Bolboschoenus yagara is a species of flowering plant in the sedge family Cyperaceae. It is a perennial clonal herb, 0.8 to 1.3 m tall, and develops underground rhizomes that terminate in spherical or ellipsoid tubers that are up to 3-4 cm in diameter. It is able to propagate asexually through the tubers, as well as sexually by seeds.

== Classification ==
Bolboschoenus yagara is predominantly found in China and East Asia, with a fossilized specimen dated from the Late Pliocene period discovered in Shanxi, China. Populations that were previously believed to be Bolboschoenus maritimus have been identified in Central Europe since 1996, with additional populations reported in Poland in 2006. The classification of Bolboschoenus yagara as a distinct species from Bolboschoenus maritimus was based on the morphology of the inflorescence, glumes, spikelets, and achenes. Bolboschoenus yagara has compound, or, rarely, head-like inflorescence with three to eight branches with two or three spikelets each. It has trifid styles, rufescent glumes, strong perianth branches that remain attached to mature achenes, and the achenes are nearly equilaterally trigonous. Bolboschoenus maritimus's inflorescences are head-like and have one to two branches. While its glumes are similar in color to Bolboschoenus yagara, almost all individuals of Bolboschoenus maritimus have bifid styles and digynous achenes.

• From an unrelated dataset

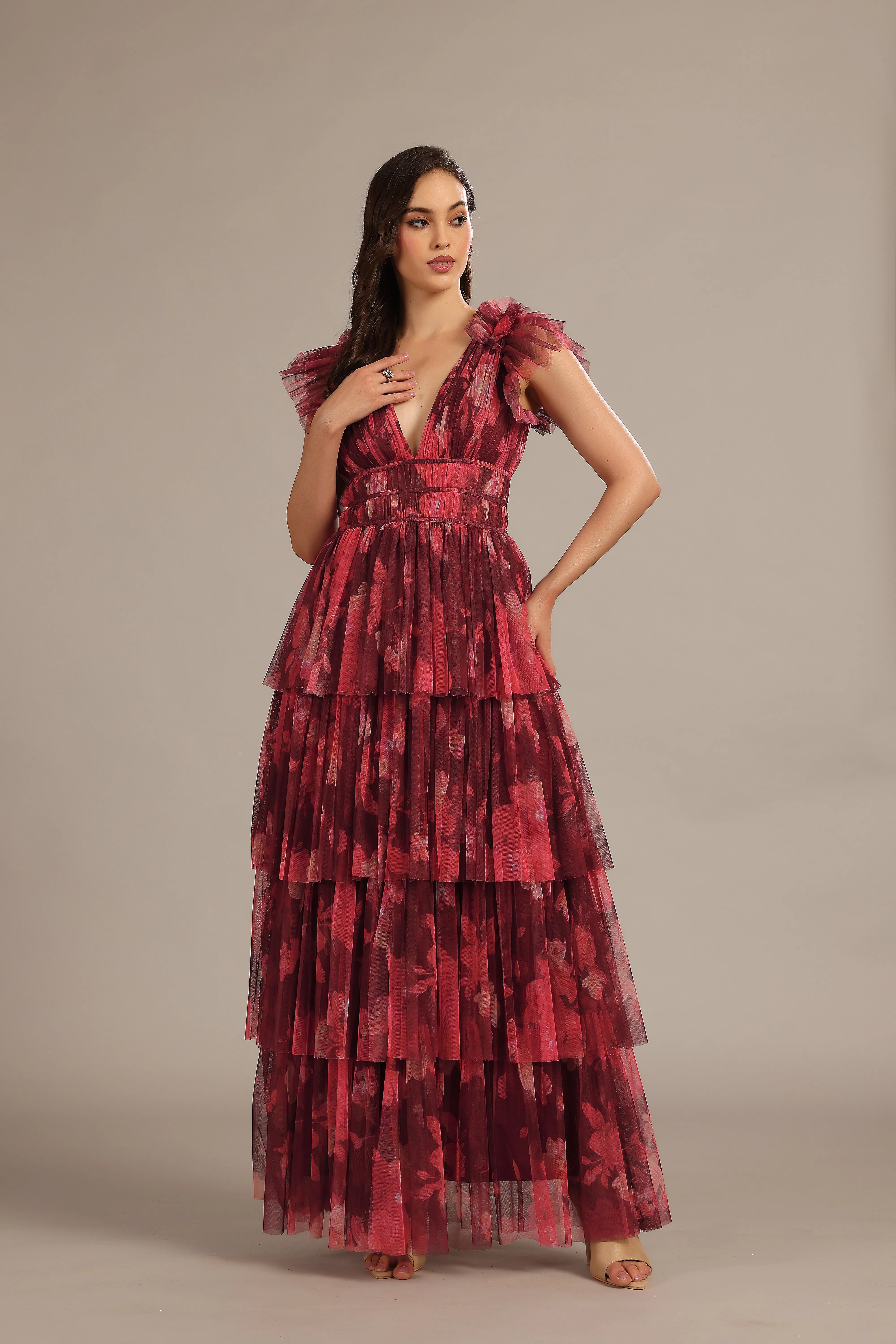 Naomi Maxi Dress in Deep Red Floral sold by Lace & Beads product image thumbnail 2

It is possible that species that could not be clearly identified as either Bolboschoenus yagara or Bolboschoenus maritimus was in fact a B. yagara x B. maritimus hybrid.

== Habitat ==
Bolboschoenus yagara is found in wetlands, swamps, and other wet habitats. Unlike B. maritimus, Bolboschoenus yagara is a glycophyte. In experiments comparing the species to three other Bolboschoenus species (Bolboschoenus maritimus, Bolboschoenus laticarpus, and Bolboschoenus planiculmis), Bolboschoenus yagara was found to be the most sensitive to changes in nutrient supply and salt concentration, where increased concentrations caused a decrease in biomass, shoot number, fertility. In the dormant tuber stage, it is able to survive long-term high water levels. Bolboschoenus yagara is able to survive in both mesotrophic and eutrophic conditions.

It is found in littoral habitats on mineral-poor grounds; in Europe its populations are concentrated in several pond basins in Central Europe, with limited frequency in other regions. As a result of this limited range, it is at risk in Europe because of intensive fish pond management. The range of Bolboschoenus yagara overlaps with that of Bolboschoenus planiculmis.

Like Bolboschoenus planiculmis, Bolboschoenus yagara is an important part of the migratory habitat for the Siberian crane. In the Momoge National Nature Reserve in Jilin, an important stopover area for long-term refueling, along the East Asian–Australasian Flyway, Bolboschoenus yagara and other species of Bolboschoenus, in tandem with Phragmites communis, was the preferred plant community type for the cranes.

== Uses ==
Bolboschoenus yagara tubers, known as jing sanleng (Mandarin: 荊三稜), are used in traditional Chinese medicine to treat a number of ailments such as hyperemesis gravidarum, amenorrhea, and inflammatory-related conditions. Previous studies have identified a number of metabolites from the tubers of Bolboschoenus yagara that are theorized to have anti-inflammatory, anti-oxidant, and other properties, although these claims are speculative and their effectiveness has not been demonstrated in humans.